Repeat the listing below in full and exactly. Pictures are to be omitted.

**Data shown**:
____

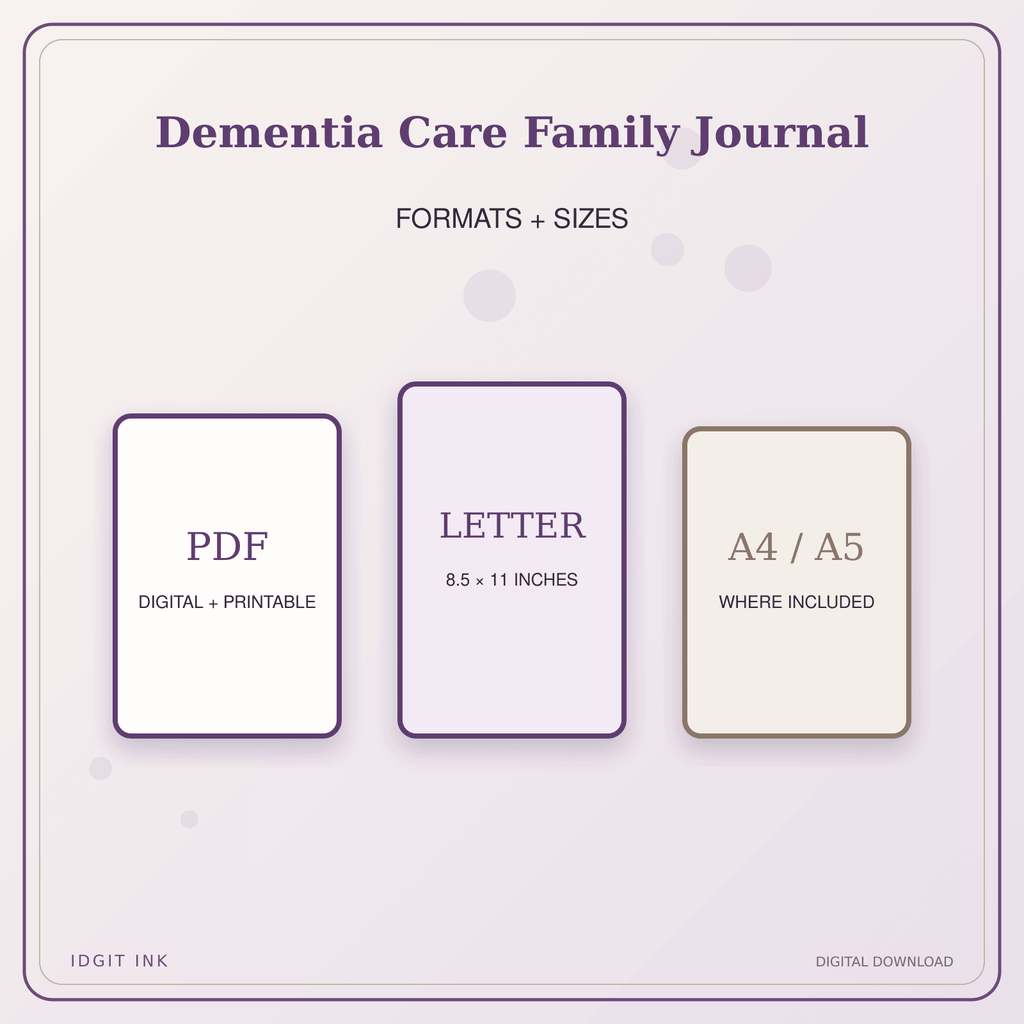 Idgit Ink Dementia Care Family Journal deluxe journal and planner bundle — digital formats and available page sizes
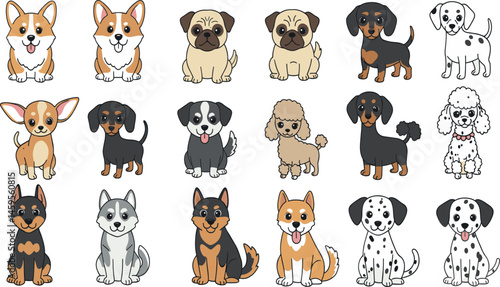 Cute dog breeds. Cartoon puppies and doggy pet. Funny friendly animals characters. Happy corgi, doberman, dalmatian, pug, dachshund. Flat puppy 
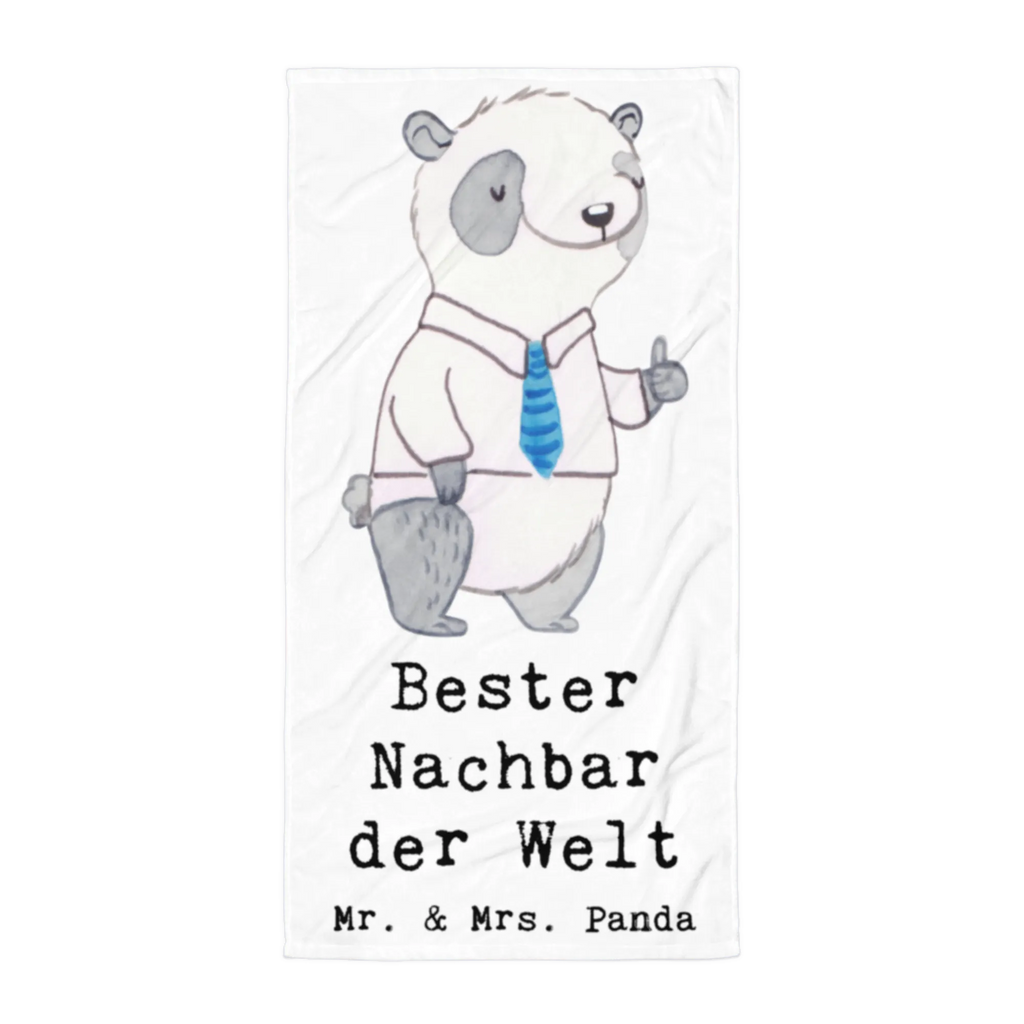 XL Badehandtuch Panda Bester Nachbar der Welt Handtuch, Badetuch, Duschtuch, Strandtuch, Saunatuch, für, Dankeschön, Geschenk, Schenken, Geburtstag, Geburtstagsgeschenk, Geschenkidee, Danke, Bedanken, Mitbringsel, Freude machen, Geschenktipp, Nachbar, Nachbarn, Nachbarschaft, Freund, Angrenzer, Anwohner, Bewohner, Freundschaft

____

**Written solution**:
 Idgit Ink Dementia Care Family Journal deluxe journal and planner bundle — digital formats and available page sizes
 Cute dog breeds. Cartoon puppies and doggy pet. Funny friendly animals characters. Happy corgi, doberman, dalmatian, pug, dachshund. Flat puppy 
 XL Badehandtuch Panda Bester Nachbar der Welt Handtuch, Badetuch, Duschtuch, Strandtuch, Saunatuch, für, Dankeschön, Geschenk, Schenken, Geburtstag, Geburtstagsgeschenk, Geschenkidee, Danke, Bedanken, Mitbringsel, Freude machen, Geschenktipp, Nachbar, Nachbarn, Nachbarschaft, Freund, Angrenzer, Anwohner, Bewohner, Freundschaft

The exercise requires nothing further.